Chemical and Physical Evidences in the Groundwater Aquifer Caused by Over-Pumping of Groundwater and Their Countermeasures in the Major Asian Coastal Cities

  • Jun Shimada


Economic growth of urban area induces the huge water demand for the city production and this creates the groundwater related disasters in many Asian cities. This situation has started from 1960s to 1970s Japan. After, many coastal cities in South East Asia had experienced similar problems later 1980s–2000s. This was caused by over-pumping of groundwater in the urban area and the related local city governments had tried to make countermeasures to protect such groundwater disasters by adapting the groundwater pumping regulation with the help of their national government. In the case of Japan, it has good success and the dropped groundwater level has clearly recovered by the help of the worm humid hydrological condition of Japanese island. Similar recovery has confirmed in Taipei and Bangkok, but it has not yet succeeded at Jakarta.

At the planning stage of the present project, we believe that those groundwater over-pumping situations must create the forced groundwater flow in the related aquifer and the chemical information on the environmental change of those urban areas should be remained as the precise time series information along the groundwater flow line in that aquifer like the paleo-hydrology record in aquifer. For this particular purpose, we have developed the young age tracer of groundwater such as CFCs and 85Kr for the recent 100 years historical data analysis. However, we have confirmed that it could not use CFCs age tracer in the urban aquifers because of man-made local CFCs contamination especially dominated at urban area. Instead, we showed that the CFCs contents at urban area can be useful to understand the induced relatively young vertical flow flux through shallower aquifers caused by the man made depressed groundwater potential under the city area.

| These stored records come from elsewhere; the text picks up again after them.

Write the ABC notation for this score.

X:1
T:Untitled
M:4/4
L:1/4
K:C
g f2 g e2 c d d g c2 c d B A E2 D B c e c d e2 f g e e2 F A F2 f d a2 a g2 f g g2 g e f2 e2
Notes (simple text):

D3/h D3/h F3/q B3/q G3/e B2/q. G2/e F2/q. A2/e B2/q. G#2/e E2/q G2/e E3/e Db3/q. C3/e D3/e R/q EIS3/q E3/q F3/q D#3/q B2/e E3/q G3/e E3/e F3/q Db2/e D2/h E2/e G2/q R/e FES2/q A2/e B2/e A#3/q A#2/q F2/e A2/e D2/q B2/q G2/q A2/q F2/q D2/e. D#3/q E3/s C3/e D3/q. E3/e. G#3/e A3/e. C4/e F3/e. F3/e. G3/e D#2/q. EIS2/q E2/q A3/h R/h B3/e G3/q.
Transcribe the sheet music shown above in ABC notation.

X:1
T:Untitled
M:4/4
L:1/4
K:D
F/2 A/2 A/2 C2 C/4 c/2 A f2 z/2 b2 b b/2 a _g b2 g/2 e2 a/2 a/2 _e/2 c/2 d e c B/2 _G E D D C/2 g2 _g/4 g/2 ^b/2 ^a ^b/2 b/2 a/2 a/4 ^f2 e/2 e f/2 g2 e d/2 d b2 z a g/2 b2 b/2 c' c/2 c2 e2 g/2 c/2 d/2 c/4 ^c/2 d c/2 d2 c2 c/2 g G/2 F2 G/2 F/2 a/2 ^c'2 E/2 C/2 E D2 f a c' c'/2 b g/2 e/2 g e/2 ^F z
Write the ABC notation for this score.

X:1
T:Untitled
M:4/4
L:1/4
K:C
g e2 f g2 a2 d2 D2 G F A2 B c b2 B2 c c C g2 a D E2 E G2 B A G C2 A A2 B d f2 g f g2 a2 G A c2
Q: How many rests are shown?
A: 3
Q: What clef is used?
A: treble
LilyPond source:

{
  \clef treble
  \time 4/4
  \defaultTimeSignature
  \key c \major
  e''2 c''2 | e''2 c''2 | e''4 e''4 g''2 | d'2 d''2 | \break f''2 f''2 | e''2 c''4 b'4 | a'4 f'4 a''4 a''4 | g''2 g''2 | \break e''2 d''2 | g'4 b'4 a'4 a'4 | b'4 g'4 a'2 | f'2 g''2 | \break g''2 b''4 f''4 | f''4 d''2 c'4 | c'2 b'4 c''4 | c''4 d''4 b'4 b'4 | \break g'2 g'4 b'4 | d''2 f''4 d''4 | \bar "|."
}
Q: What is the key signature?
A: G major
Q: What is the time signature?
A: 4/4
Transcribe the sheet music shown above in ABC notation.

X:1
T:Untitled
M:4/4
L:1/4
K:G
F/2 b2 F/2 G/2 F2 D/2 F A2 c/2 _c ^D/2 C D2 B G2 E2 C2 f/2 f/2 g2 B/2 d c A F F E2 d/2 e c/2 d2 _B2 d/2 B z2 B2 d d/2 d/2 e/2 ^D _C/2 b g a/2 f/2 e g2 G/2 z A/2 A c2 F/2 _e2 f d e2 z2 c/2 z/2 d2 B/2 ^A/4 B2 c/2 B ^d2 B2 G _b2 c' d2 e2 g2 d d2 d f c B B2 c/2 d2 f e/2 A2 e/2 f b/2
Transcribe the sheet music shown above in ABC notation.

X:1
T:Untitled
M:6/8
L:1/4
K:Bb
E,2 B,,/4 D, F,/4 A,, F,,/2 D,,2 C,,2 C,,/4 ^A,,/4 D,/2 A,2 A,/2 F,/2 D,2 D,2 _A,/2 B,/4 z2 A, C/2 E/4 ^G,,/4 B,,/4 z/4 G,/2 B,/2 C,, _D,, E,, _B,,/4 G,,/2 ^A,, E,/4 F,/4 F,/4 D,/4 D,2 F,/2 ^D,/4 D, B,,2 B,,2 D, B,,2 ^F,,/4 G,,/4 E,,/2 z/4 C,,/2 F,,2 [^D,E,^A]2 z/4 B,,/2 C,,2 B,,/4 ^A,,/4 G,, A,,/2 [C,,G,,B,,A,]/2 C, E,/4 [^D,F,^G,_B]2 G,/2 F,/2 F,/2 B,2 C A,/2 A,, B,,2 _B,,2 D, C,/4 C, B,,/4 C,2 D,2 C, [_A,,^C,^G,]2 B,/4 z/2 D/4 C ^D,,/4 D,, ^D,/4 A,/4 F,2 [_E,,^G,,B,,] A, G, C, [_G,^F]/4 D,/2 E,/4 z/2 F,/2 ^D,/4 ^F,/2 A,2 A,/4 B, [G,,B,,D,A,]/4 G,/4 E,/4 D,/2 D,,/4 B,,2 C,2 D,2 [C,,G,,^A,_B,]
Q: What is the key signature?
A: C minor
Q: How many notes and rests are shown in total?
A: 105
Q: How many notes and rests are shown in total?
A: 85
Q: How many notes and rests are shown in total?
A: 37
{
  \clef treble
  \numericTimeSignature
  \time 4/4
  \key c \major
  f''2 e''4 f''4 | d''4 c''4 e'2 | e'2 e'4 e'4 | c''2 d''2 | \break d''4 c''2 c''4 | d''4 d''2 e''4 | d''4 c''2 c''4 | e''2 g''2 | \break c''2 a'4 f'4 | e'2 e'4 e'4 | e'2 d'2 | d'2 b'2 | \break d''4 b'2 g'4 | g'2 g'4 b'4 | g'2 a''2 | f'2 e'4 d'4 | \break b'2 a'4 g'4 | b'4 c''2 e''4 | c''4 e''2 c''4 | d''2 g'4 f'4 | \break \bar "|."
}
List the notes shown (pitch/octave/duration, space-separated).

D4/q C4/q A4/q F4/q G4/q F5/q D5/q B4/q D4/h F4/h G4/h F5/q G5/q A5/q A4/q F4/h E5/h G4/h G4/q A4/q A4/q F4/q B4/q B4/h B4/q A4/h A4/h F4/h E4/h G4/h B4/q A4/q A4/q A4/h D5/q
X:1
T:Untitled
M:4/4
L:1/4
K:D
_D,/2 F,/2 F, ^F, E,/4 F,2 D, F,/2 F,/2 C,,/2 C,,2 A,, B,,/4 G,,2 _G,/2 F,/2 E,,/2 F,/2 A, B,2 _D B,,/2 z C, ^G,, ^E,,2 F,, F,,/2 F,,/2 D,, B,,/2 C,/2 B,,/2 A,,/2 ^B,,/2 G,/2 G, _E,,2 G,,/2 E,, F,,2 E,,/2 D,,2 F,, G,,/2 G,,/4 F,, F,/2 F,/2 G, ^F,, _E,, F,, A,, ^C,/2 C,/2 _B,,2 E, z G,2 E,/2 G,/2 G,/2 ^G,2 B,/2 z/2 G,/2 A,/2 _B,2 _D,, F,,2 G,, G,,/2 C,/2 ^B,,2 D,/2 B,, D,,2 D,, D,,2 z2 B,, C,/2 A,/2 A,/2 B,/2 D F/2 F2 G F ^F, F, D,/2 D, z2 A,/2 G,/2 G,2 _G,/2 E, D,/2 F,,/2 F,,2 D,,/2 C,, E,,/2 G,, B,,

This kind of situation has been confirmed at Tokyo, Bangkok and Jakarta area and these vertical induced fluxes are much more than the natural lateral groundwater flow along the aquifer. The 3D groundwater flow simulation clearly showed this kind of induced vertical flux (‘induced recharge’) dominated at the groundwater depression area where was created by the over-pumping of the groundwater resources in city area.

In spite of these severe situations, our comparative study clearly shows that the potentiality of the positive groundwater recharge in the coastal Asian city aquifer. It works effectively to recover the depressed groundwater level, if the groundwater pumping regulation works perfectly with the help of infrastructure construction of the additional surface water supply system and the steady legal system for the groundwater resources.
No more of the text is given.